Building New Integrations

Getting Started

If you're comfortable with python the quickest way to get started contributing a new integration to Grai is to create a new python module for the integration. You can clone one of the existing integrations from the source repository (opens in a new tab) or create a new one from scratch.

Integration Rules

Although the specifics of each integration will vary, there are three basic rules that must be followed:

Package Structure

Tools

Because we use poetry, please stick to using a pyproject.toml file rather than setup.py.

Project Structure

The basic project structure should look like this:

grai_source_\{integration\}/
|-- pyproject.toml
|-- poetry.lock
|-- README.md
|-- .gitignore
|-- src/
|   |-- grai_source_\{integration\}/
|   |   |-- __init__.py
|   |   |-- py.typed
|   |   |-- base.py
|   |   |-- package_definitions.py
|   |   |-- ...
|-- tests/
|   |-- __init__.py
|   |-- ...
package_definitions.py

Every integration should have a root level module called package_definitions with an implementation of PackageConfig from grai_schemas. For example, the Postgres integration has a package_definitions.py file with the following contents:

from grai_schemas.generics import PackageConfig
 
 
class Config(PackageConfig):
    """ """
 
    integration_name = "grai-source-postgres"
    metadata_id = "grai_source_postgres"
 
 
config = Config()

As you can see you'll need to provide two pieces of information:

  1. metadata_id - This is a unique identifier for the integration which denotes where in the metadata field of your nodes and edges context from the integration will be stored.
  2. integration_name - This is the name of the integration. It should be in the format <integration_name>
base.py

Every integration should have a root level module called base with an implementation of GraiIntegrationImplementation from grai_schemas.integrations.base. Taking the Metabase example

from typing import Dict, List, Optional, Union
 
from grai_client.integrations.base import (
    GraiIntegrationImplementation,
    SeparateNodesAndEdgesMixin,
)
from grai_schemas.base import SourcedEdge, SourcedNode
from grai_schemas.v1.source import SourceV1
 
from grai_source_metabase.adapters import adapt_to_client
from grai_source_metabase.loader import MetabaseConnector
 
 
class MetabaseIntegration(SeparateNodesAndEdgesMixin, GraiIntegrationImplementation):
    def __init__(
        self,
        source: SourceV1,
        version: Optional[str] = None,
        metabase_namespace: Optional[str] = None,
        namespace_map: Optional[Union[str, Dict[int, str]]] = None,
        endpoint: Optional[str] = None,
        username: Optional[str] = None,
        password: Optional[str] = None,
    ):
        super().__init__(source, version)
 
        self.connector = MetabaseConnector(
            metabase_namespace=metabase_namespace,
            namespace_map=namespace_map,
            username=username,
            password=password,
            endpoint=endpoint,
        )
 
    def ready(self) -> bool:
        self.connector.authenticate()
        return True
 
    def nodes(self) -> List[SourcedNode]:
        nodes = adapt_to_client(self.connector.get_nodes(), self.source, self.version)
        return nodes
 
    def edges(self) -> List[SourcedEdge]:
        edges = adapt_to_client(self.connector.get_edges(), self.source, self.version)
        return edges
 

As you can see there are three methods that need to be implemented for every integration:

  1. nodes - This method should return a list of SourcedNode objects.
  2. edges - This method should return a list of SourcedEdge objects.
  3. ready - This method should return a boolean indicating whether the integration is ready to be run. This covers things like checking that the connection to the data source is working and authenticated.

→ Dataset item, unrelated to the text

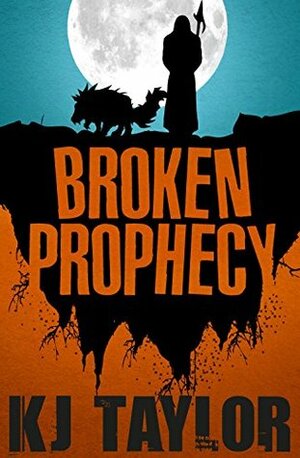 Broken Prophecy by K.J. Taylor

SourcedNode and SourcedEdge are two structured objects that are used to represent nodes and edges in Grai. You can find implementation details for SourcedNodes here (opens in a new tab) and SourcedEdges here (opens in a new tab).authenticate

Other Caveats

  • Edges require a source and destination node but you should be careful to ensure that all sources and destinations also exist in the nodes list.
  • The user will need to provide a namespace for the running integration. However, if the integration references other data sources like a BI tool which queries an external database, you'll need some mechanism for the user to identify which namespace the external database belongs to and associate the relevant nodes/edges ewith that namespace.